On the occasion Fiddle gets a little bit of fluff or stuff from the carpet in her eye, that makes em a little extra watery, or if she is tired. 

Hope this helps


----------



## Lynne_and_Paco (Oct 4, 2010)

Thanks, that does help! I was wondering if it might be allergies or something.


----------



## Amandarose531 (Aug 9, 2010)

Could be, I believe it's been linked to kibble in some cases too.

I notice Gretel's water much more if there is a candle going, or i'm cleaning with products, even wearing perfume. She's very sensitive to fragrance.


----------



## Lynne_and_Paco (Oct 4, 2010)

His eyes are OK now, they seem to water when Im cleaning so maybe its the cleaner Im using ( that new Mr.Clean with febreeze stuff ) I still think I will call my vet in the AM just to be safe.


----------



## 18453 (Feb 6, 2010)

Because chis have such large eyes they tend to water from particles in the air etc some kibbles exacerbate tear staining!!

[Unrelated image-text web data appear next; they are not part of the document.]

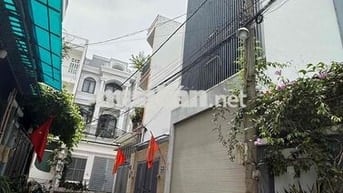 Cho thuê nhà 1 trệt 3 lầu thiết kế thoáng ô tô đậu trong nhà hẻm QL 13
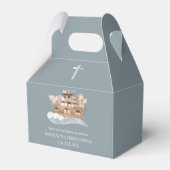 Dusty Blue Noah's Ark Christening Gable Bedankdoosjes (Voorkant Zijde)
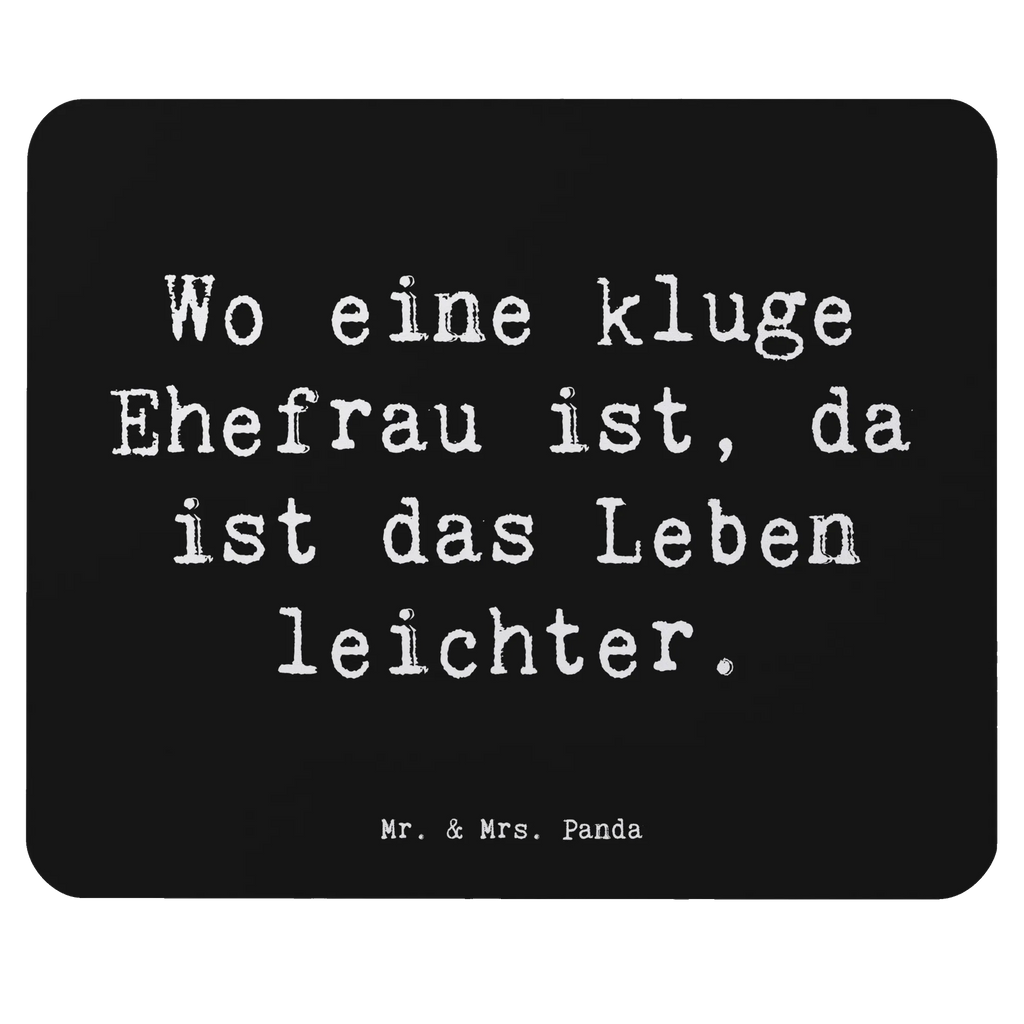 Mauspad Spruch Kluge Ehefrau Mousepad, Computer zubehör, Büroausstattung, PC Zubehör, Arbeitszimmer, Mauspad, Einzigartiges Mauspad, Designer Mauspad, Mausunterlage, Mauspad Büro, Familie, Vatertag, Muttertag, Bruder, Schwester, Mama, Papa, Oma, Opa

The one thing I'd check is if her eyelashes aren't turning inwards that can cause bad watering and ulcers on the eyeball it's not common but can happen there was a puppy here who had it and had to have stitches put in to correct it


----------



## Lynne_and_Paco (Oct 4, 2010)

ARGH! Today he is fine. I swear, pups are just like kids sometimes.. you worry they are sick, make the appointment with the doctor, get to the doctors and everything is OK, they are pouncing around like normal without a care in the world, making you look so silly! LOL!! Vet said he probably just something in the air like you all said. Of course, Paco is looking at me like, "Ok mom, why on earth did you bring me HERE? I am FINE.. lets go home and play!"


----------



## 18453 (Feb 6, 2010)

Both mines eyes water a lot I just make sure they are clean


----------